We expect to support 1-2 individuals per annum by 2007 to access medical assistance for a condition not treatable in Sierra Leone. Where appropriate, we will make use of appropriate medical facilities in neighbouring countries, such as Nigeria and Ghana, where the health service infrastructure is in many cases stronger than in Sierra Leone.

Millennium Development Goals

Without urgent support, Sierra Leone looks unlikely to meet the targets for the Millennium Development Goals. These eight Millennium Development Goals (MDGs) were agreed at the United Nations Millennium Summit in September 2000 and range from halving global poverty and hunger to protecting the environment, improving health and sanitation and tackling illiteracy and discrimination against women.

They were introduced as part of a wider attempt to encourage the international community to stop talking about making a difference in the developing world and join forces to start doing something about it.

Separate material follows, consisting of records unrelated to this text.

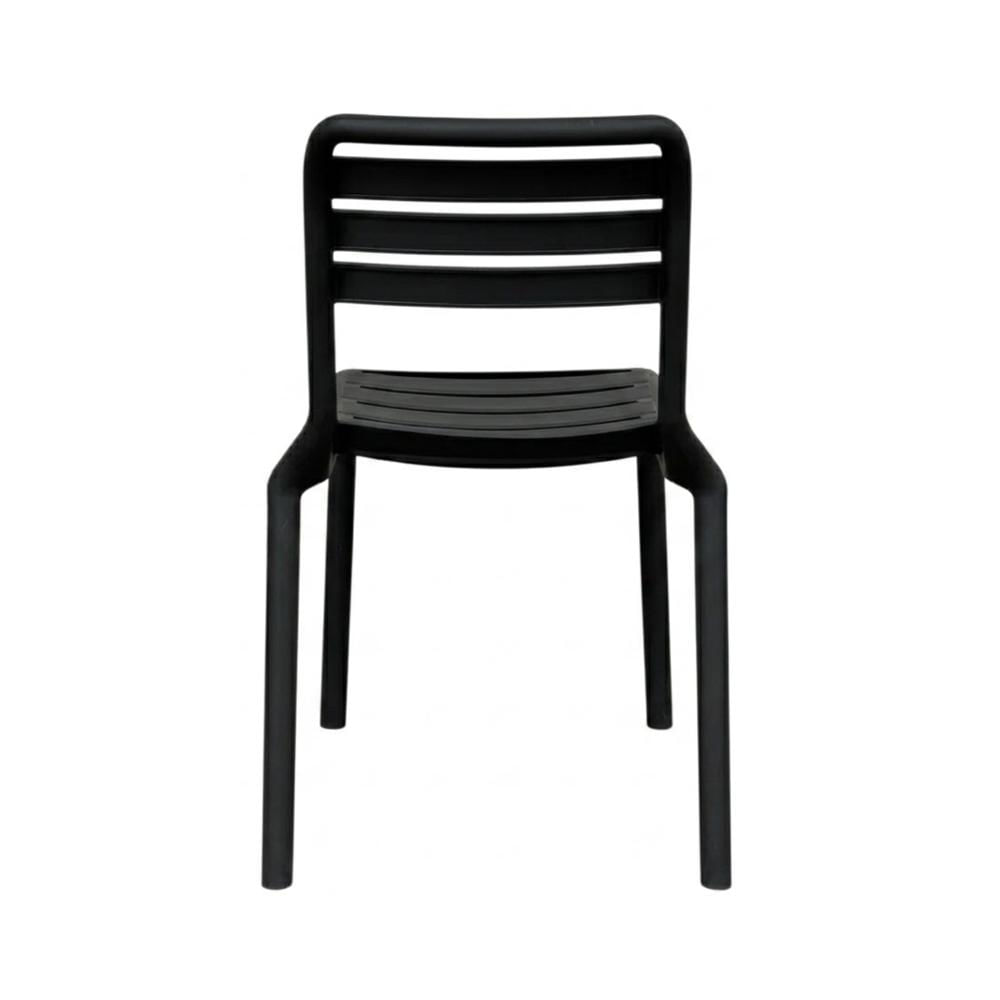 Silla Mariquita Negra img #5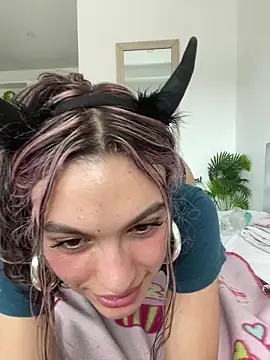 Snapshot of SweetCherry__ chatting on June 6, 2026, 7:51 pm SweetCherry online show from June 6, 2026, 7:51 pm
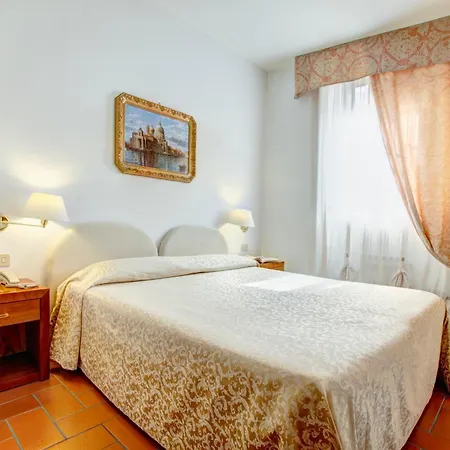 Hotell San Lino 4*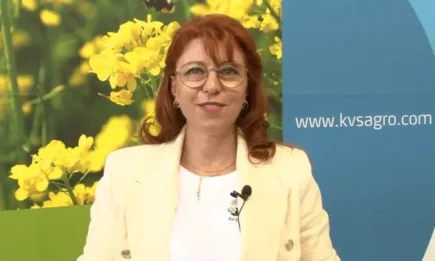 Светослава Кочовска: Лидер сме в продажбата на торове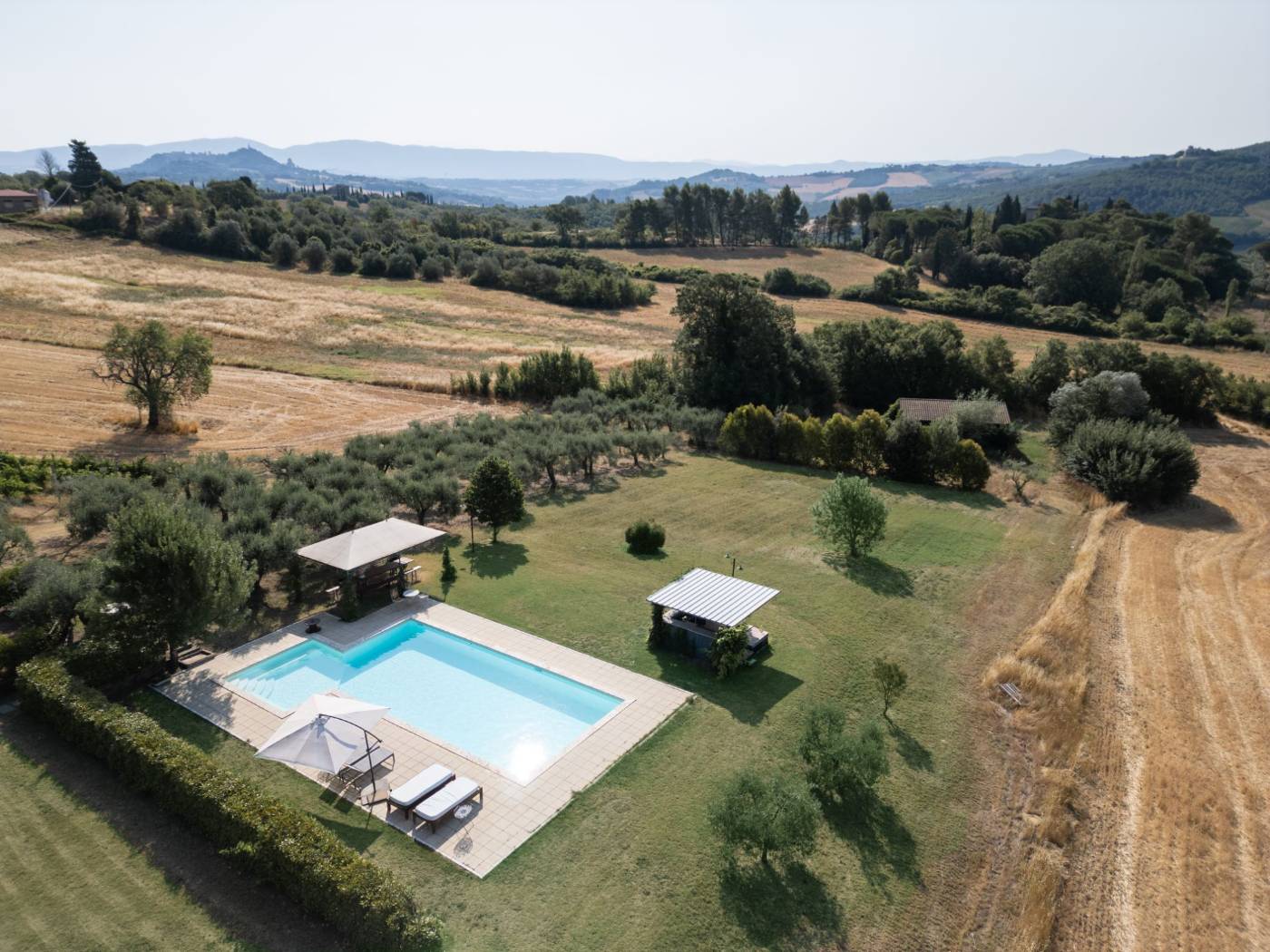 Gelsomina Country House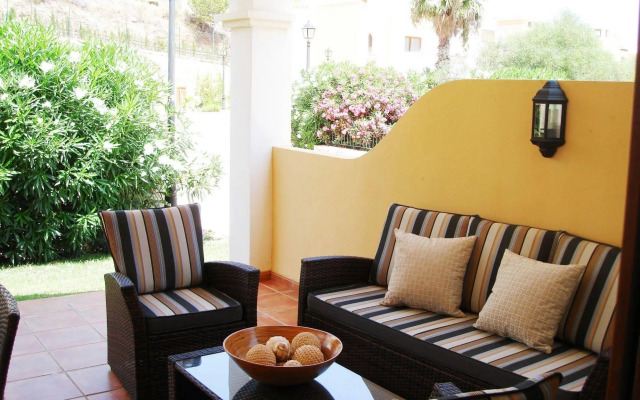 Montemares Golf Luxury Villas and Apartments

Alongside the Goals, a series of 18 targets were also drawn up to give the international community a number of tangible improvements to aim for within a fixed period of time, and also make it easier for progress to be measured.

The intention is that almost all of these targets will be achieved by 2015. Unfortunately, while some significant progress is being made towards meeting some of the targets in some of the affected countries, in many cases progress is patchy, too slow or non-existent. For Sierra Leone which still faces an enormous national reconstruction and rehabilitation programme and a massive reduction in key personnel, the Goals are looking increasingly less attainable.